Expected: Number > 0 (should have data from ~14 stations)
6. Run First Detection
If no data yet:
# Wait for more data collection
sleep 600 # 10 minutes
# Try again
python anomaly_detector.py --end "NOW" --spatial-verify
Detailed Installation
Python Environment Setup
Conda (Recommended)
# Create environment with specific Python version
conda create -n datagem python=3.10
# Activate
conda activate datagem
# Install pip dependencies
pip install -r requirements.txt
Installing Dependencies
From requirements.txt
Manual Installation
# Core dependencies
pip install pandas numpy
# Time series analysis
pip install statsmodels
# Machine learning
pip install scikit-learn
# Visualization
pip install folium
# Database (optional, for TimescaleDB)
pip install psycopg2-binary
Verify Installation
python3 << EOF
import pandas
import numpy
import statsmodels
import sklearn
import folium
print("All dependencies installed successfully!")
EOF
Verifying Installation
Manual Verification
# 1. Check Python version
python --version
# Should be 3.8 or higher
# 2. Check dependencies
pip list | grep -E '(pandas|statsmodels|scikit-learn)'
# 3. Test database access
python << EOF
import sqlite3
conn = sqlite3.connect('weather_stream.db')

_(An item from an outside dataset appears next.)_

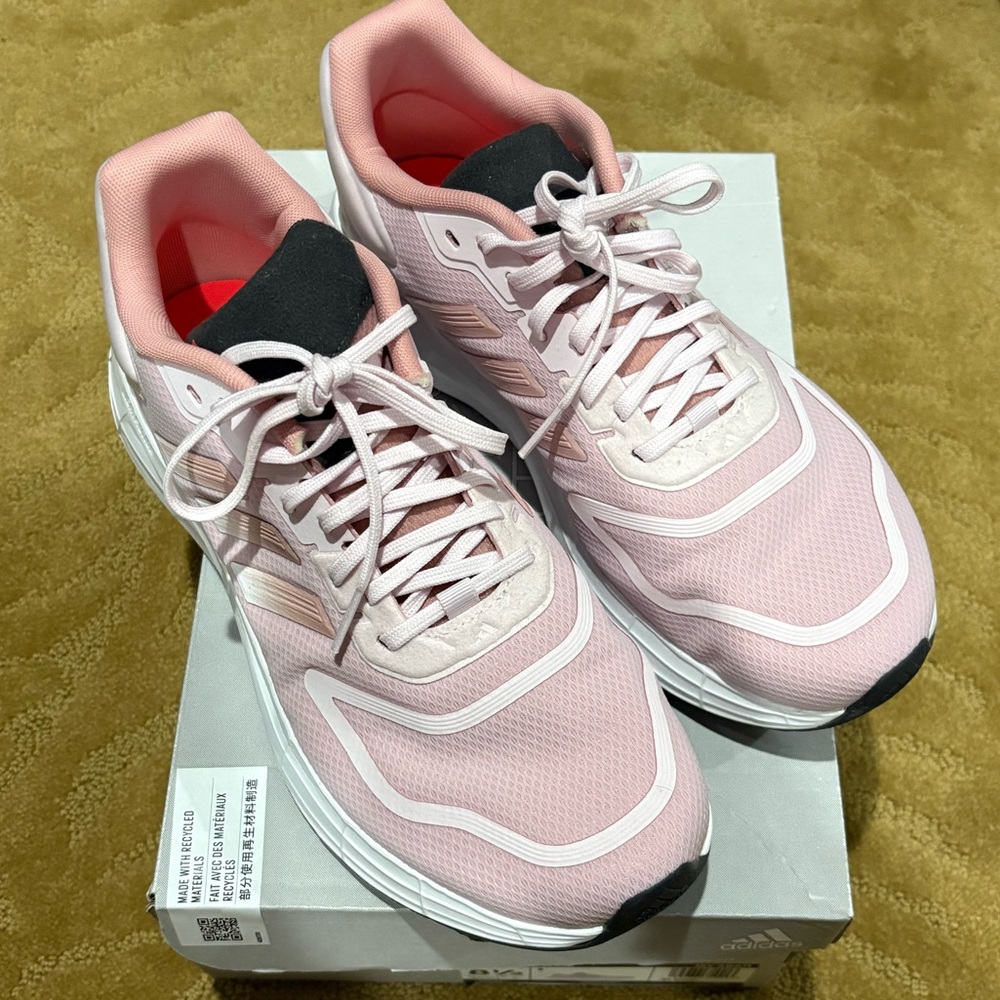 Adidas Women's Light Pink and White Sneakers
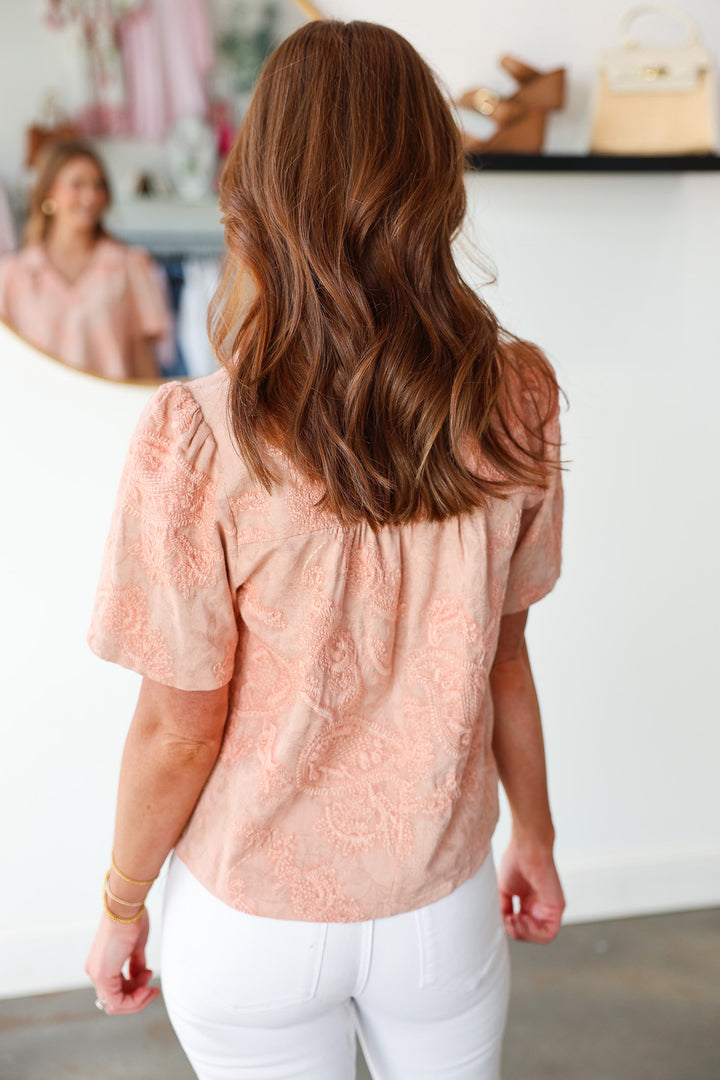 Paisley Embroidered Top - Pink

print("Database access OK")
conn.close()
EOF
# 4. Test data collection
python streaming_collector_sqlite.py --test
# 5. Test detection (requires data)
python anomaly_detector.py --end "NOW" --temporal-method 3sigma
Directory Structure
After installation:
stream_detection/
├── anomaly_detector.py # Main detection script
├── streaming_collector_sqlite.py # Data collector
├── manage_collector.sh # Service management
├── requirements.txt # Python dependencies
├── weather_stream.db # SQLite database (created on first run)
├── spatial_network_map.html # Station map (optional)
├── docs/ # Documentation (if using MkDocs)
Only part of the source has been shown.